Sunday, 12 August 2012







Sunday, 12 August 2012

21:30


"No man ever steps in the same river twice," the pre-Socratic Greek philosopher Heraclitus of Ephesus is said to have said. Life and the universe are in a permanent state of flux.

This view seems to be true, if you think about it commonsensically. Apparently science corroborates it too. But what I have in mind is something less (or, depending on how you look at it, more) prosaic. I think that it is possible for anyone to go through such life-changing experiences that you end up wondering whether your personal notion of personal identity is correct.

Time passes and things change. Constantly. That is clearly what Heraclitus of Ephesus meant. According to serious scientists, that is what happens at the molecular level. Gradually, all molecules of our bodies are replaced by other molecules, so that not a single one of our current molecules is a molecule that was part of us at a certain point in our past. But we are, of course, still recognisably us.
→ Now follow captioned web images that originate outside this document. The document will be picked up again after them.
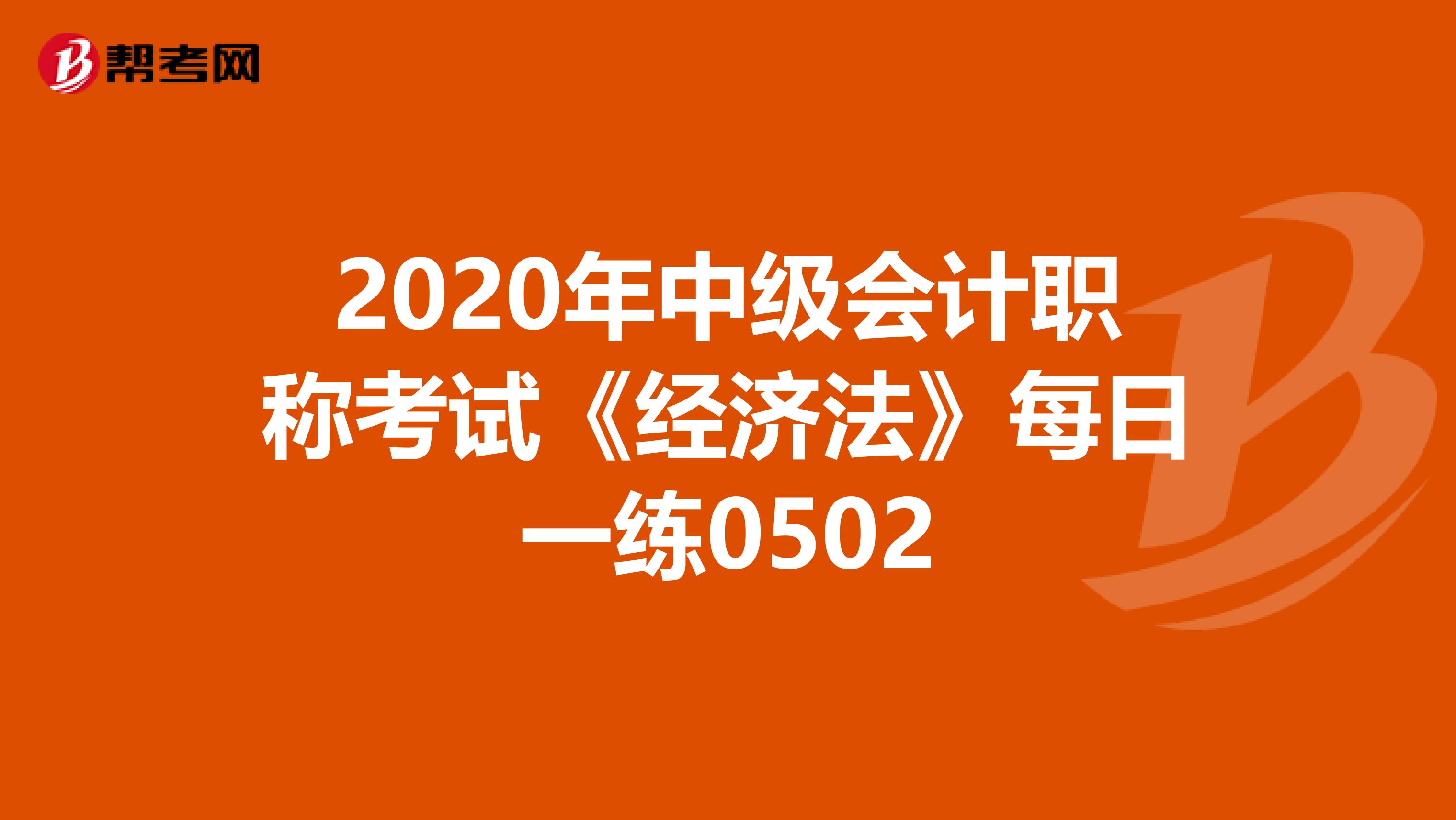 2020年中级会计职称考试《经济法》每日一练0502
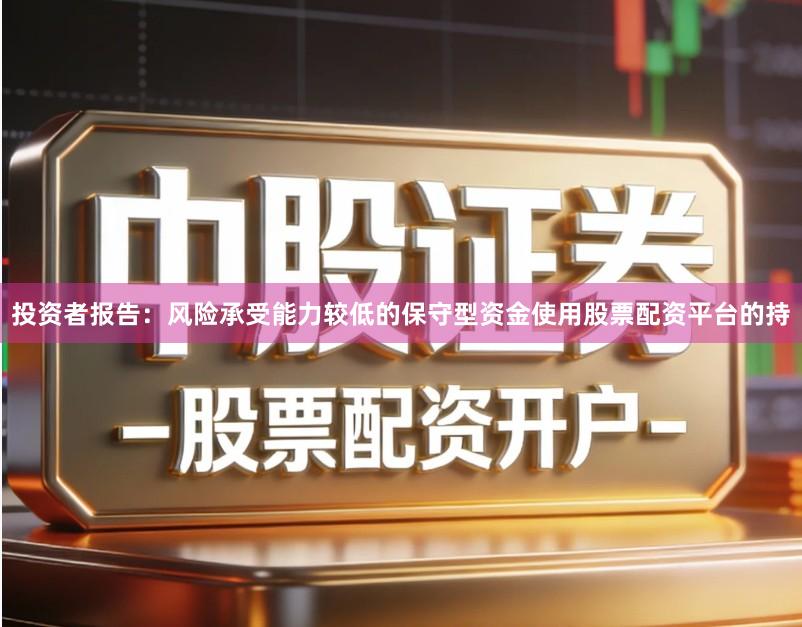 投资者报告：风险承受能力较低的保守型资金使用股票配资平台的持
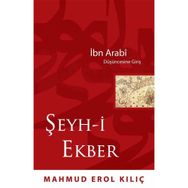 İBN ARABI DÜŞÜNCESİNE GİRİŞ ŞEYH-I EKBER - MAHMUD EROL KILIÇ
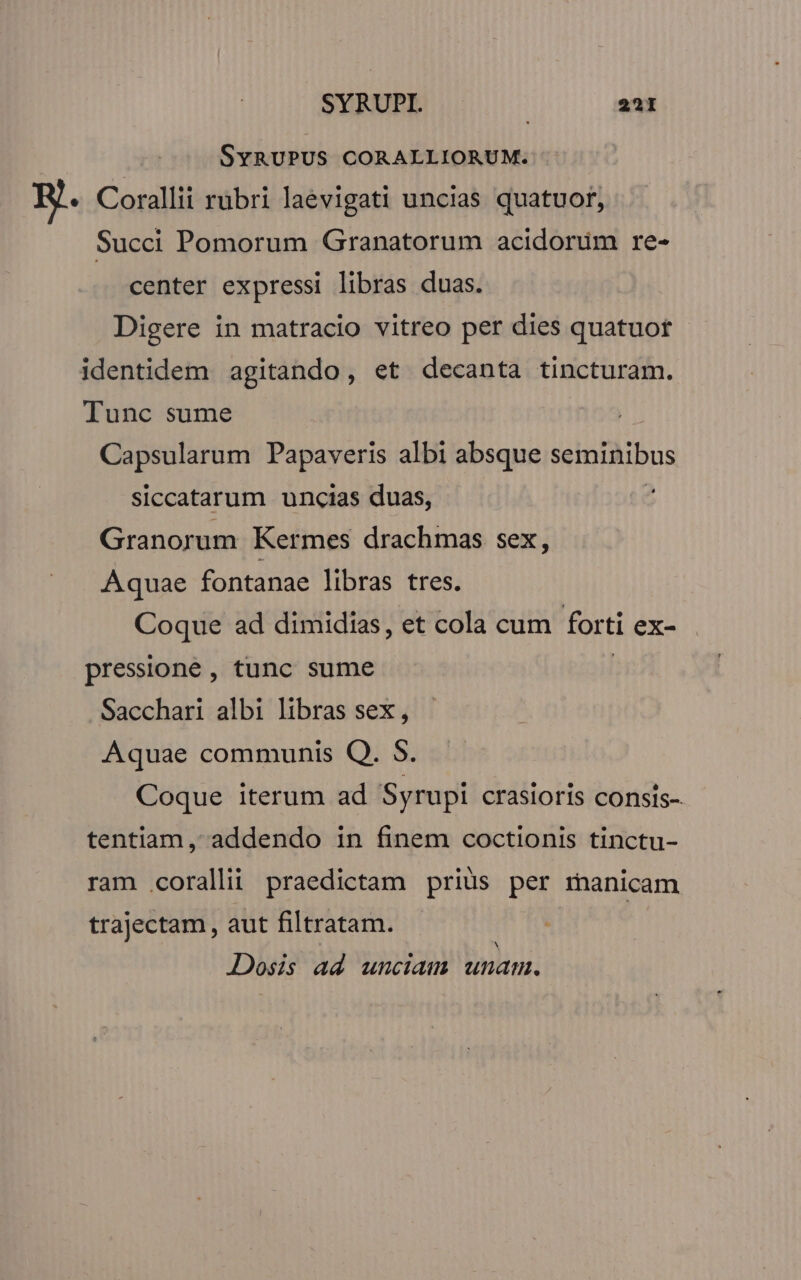 SyYRUPUS CORALLIORUM. RJ. Corallii rübri laevigati uncias quatuor, Succi Pomorum Granatorum acidorüm re- center expressi libras duas. Digere in matracio vitreo per dies quatuot - identidem agitando, et decanta tincturam. Tunc sume Capsularum Papaveris albi absque seminibus siccatarum uncias duas, Granorum Kermes drachmas sex, Aquae fontanae libras tres. Coque ad dimidias, et cola cum fort ti ex- pressione , tunc sume Sacchari albi libras sex , Aquae communis Q. $. Coque iterum ad Syrupi crasioris consis- tentiam, addendo in finem coctionis tinctu- ram corallii praedictam priüs per manicam trajectam, aut filtratam. Dosis ad unciam binbind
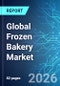 Global Frozen Bakery Market - 2026 Edition - Product Thumbnail Image
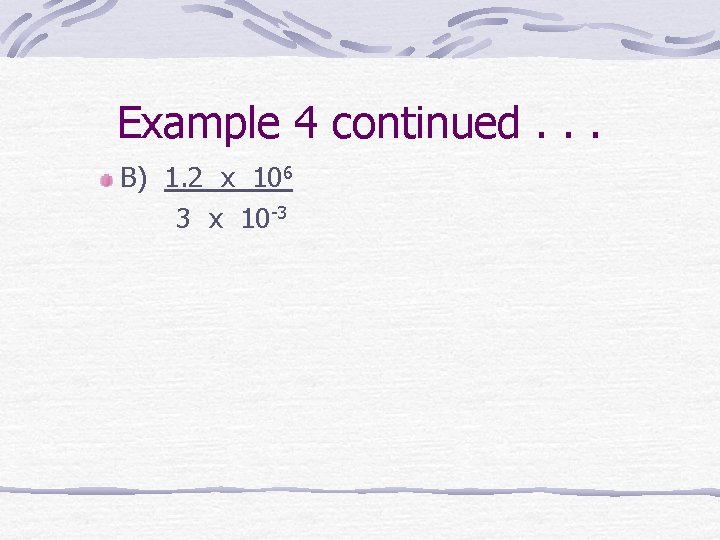 Example 4 continued. . . B) 1. 2 x 106 3 x 10 -3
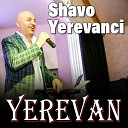 Shavo Yerevanci - Akh Yeraz er im Yare
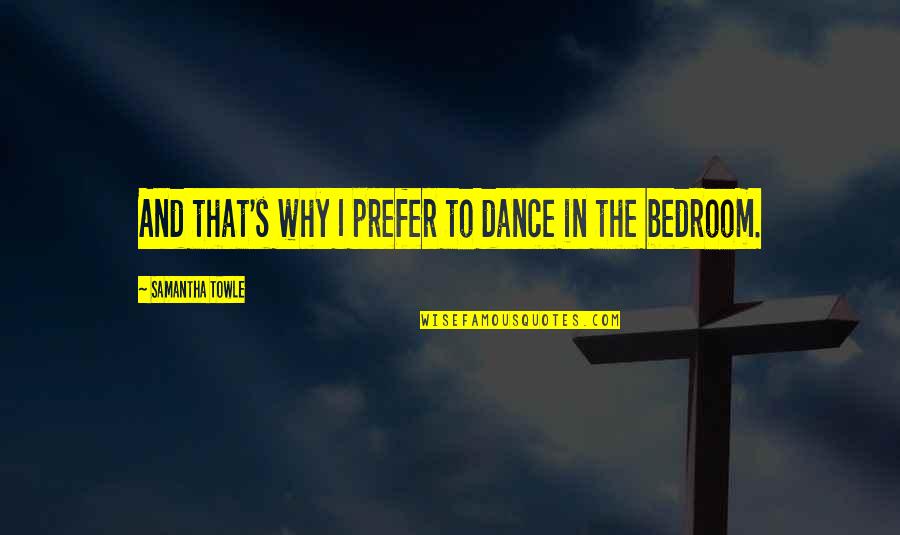 Why I Dance Quotes By Samantha Towle: And that's why I prefer to dance in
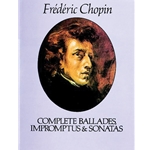 Chopin Complete Ballades, Impromptus & Sonatas Dover Edition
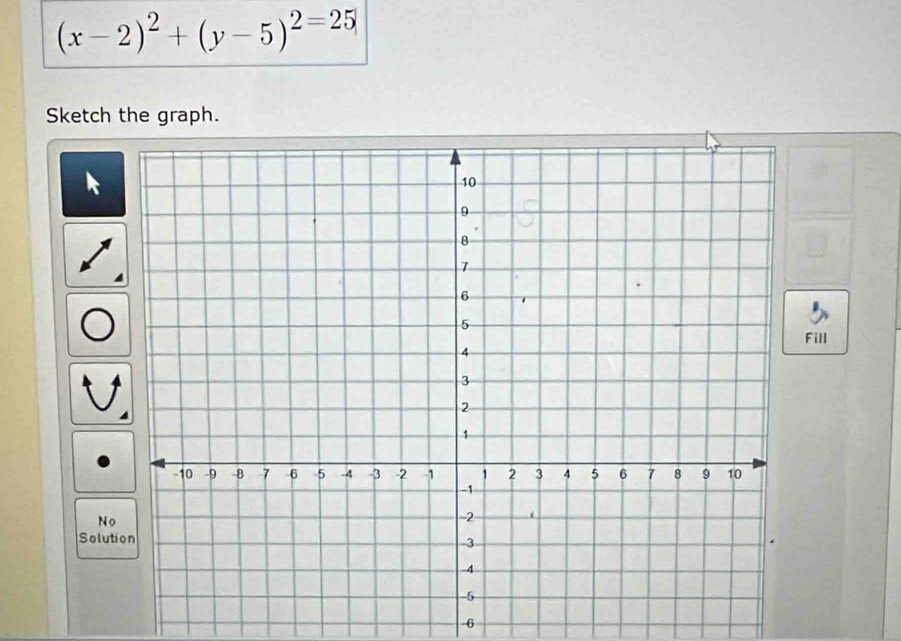 (x-2)^2+(y-5)^2=25
Sketch the graph. 
Fill 
No 
Solut
-6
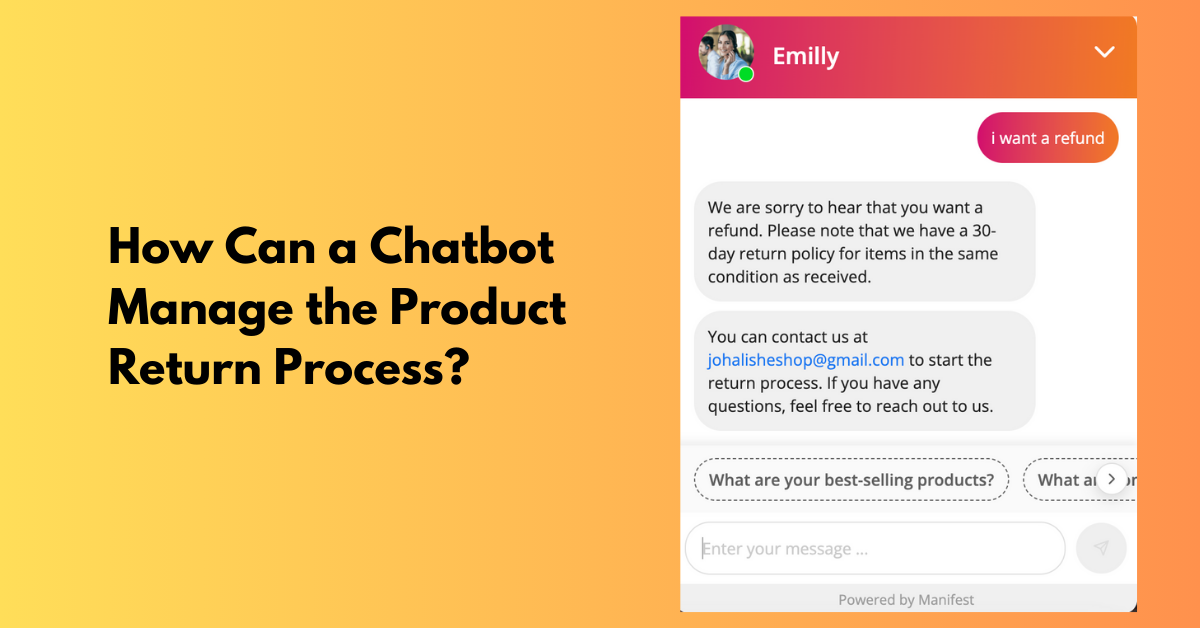How Can a Chatbot Manage the Product Return Process? (2024)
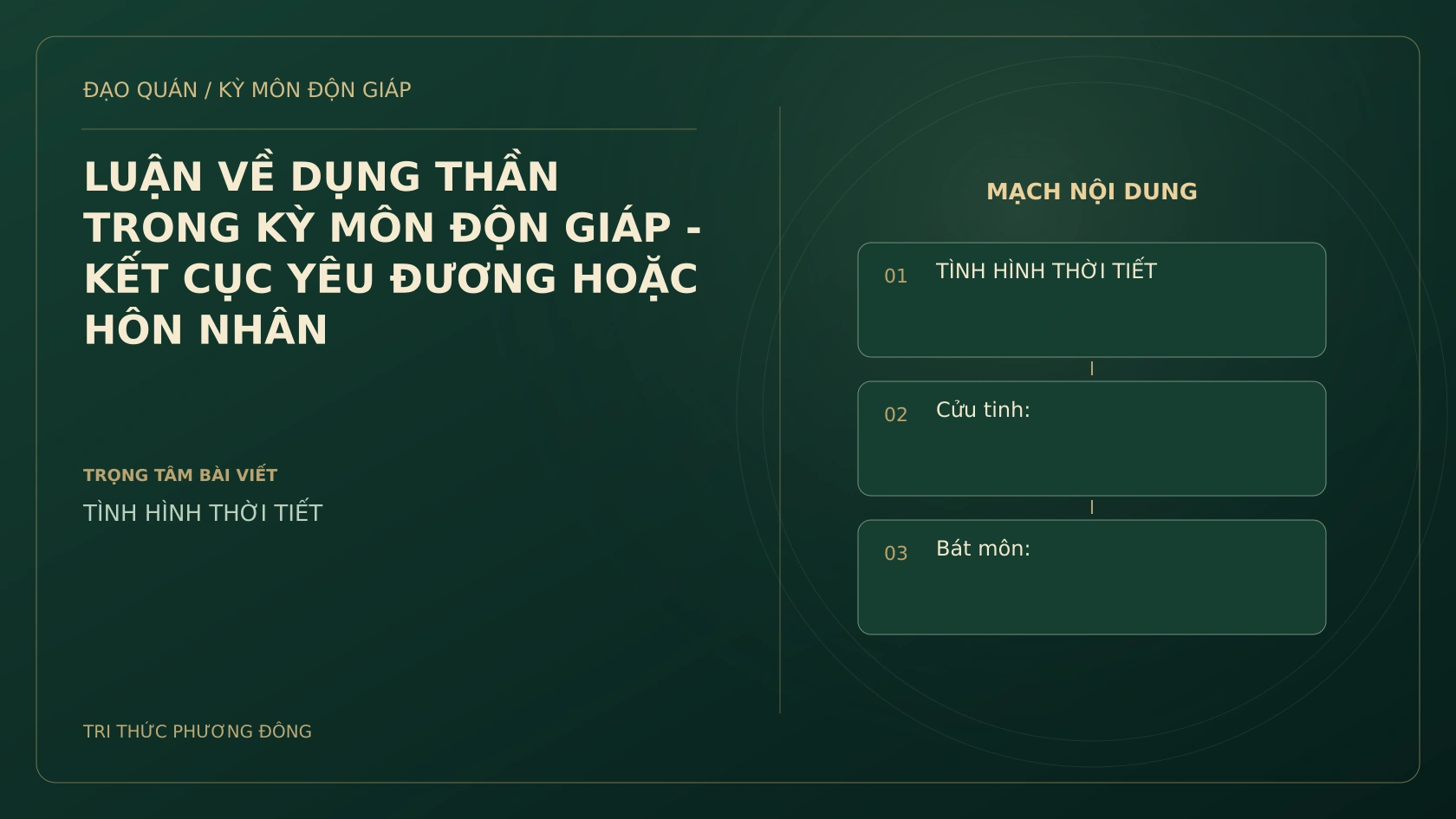 LUẬN VỀ DỤNG THẦN TRONG KỲ MÔN ĐỘN GIÁP - KẾT CỤC YÊU ĐƯƠNG HOẶC HÔN NHÂN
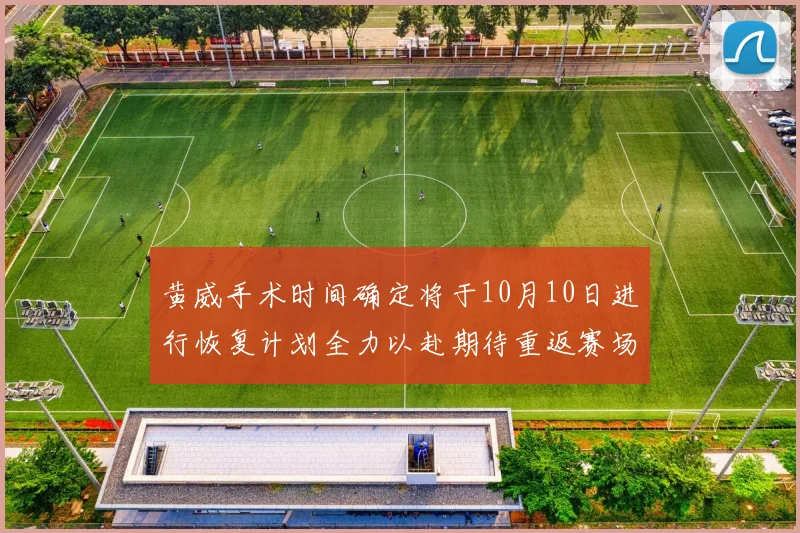 黄威手术时间确定将于10月10日进行恢复计划全力以赴期待重返赛场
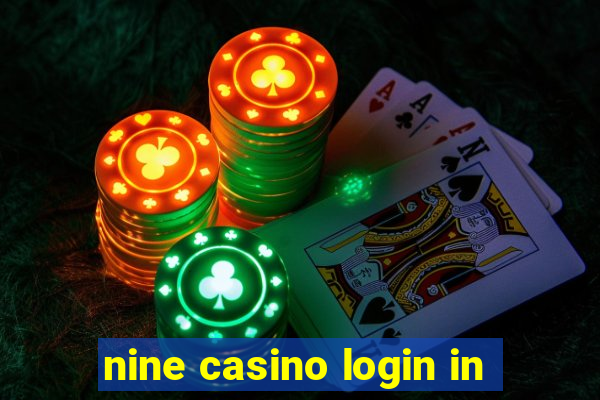 nine casino login in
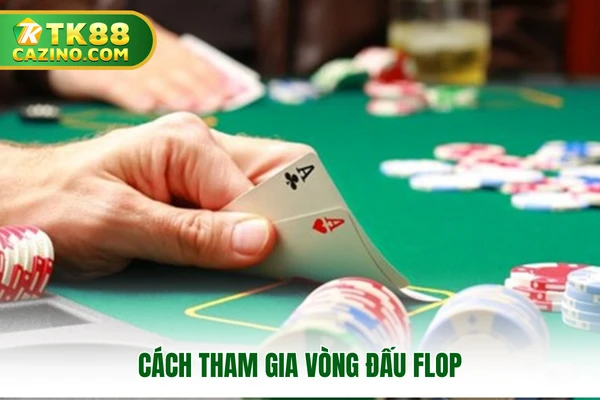 Luật Poker - Cẩm Nang Chi Tiết Dành Cho Tất Cả Tân Binh 4 Cách tham gia vòng đấu Flop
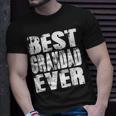Best Grandad Ever | Funny Papa Gifts Dad Gifts Fathers Day Gift For Mens Unisex T-Shirt Gifts for Him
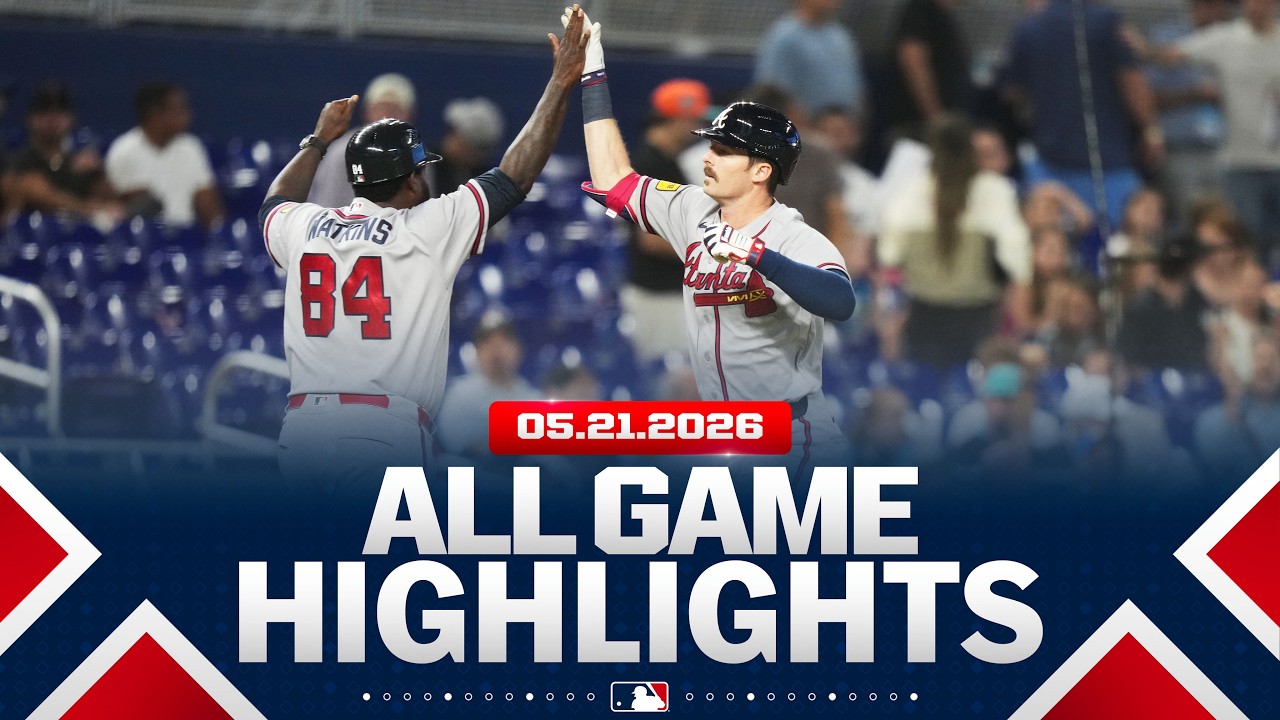 Highlights from ALL GAMES on 5/21 (Braves pick up their 35th win, Guardians sweep Tigers, MORE!)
Some people, however, undergo changes that are so drastic that this natural flux of life wouldn't be enough to explain them. For instance, when someone becomes an atheist, having been religious all of his or her life. Obviously, small changes will have happened along the way, preparing the ground for such a conversion. Yet, others never change, even if all the molecules of their bodies happen to have been replaced by new molecules since the last time they prayed to their gods.

There are changes that come about through really revolutionary processes. I was thinking about that kind of change just now.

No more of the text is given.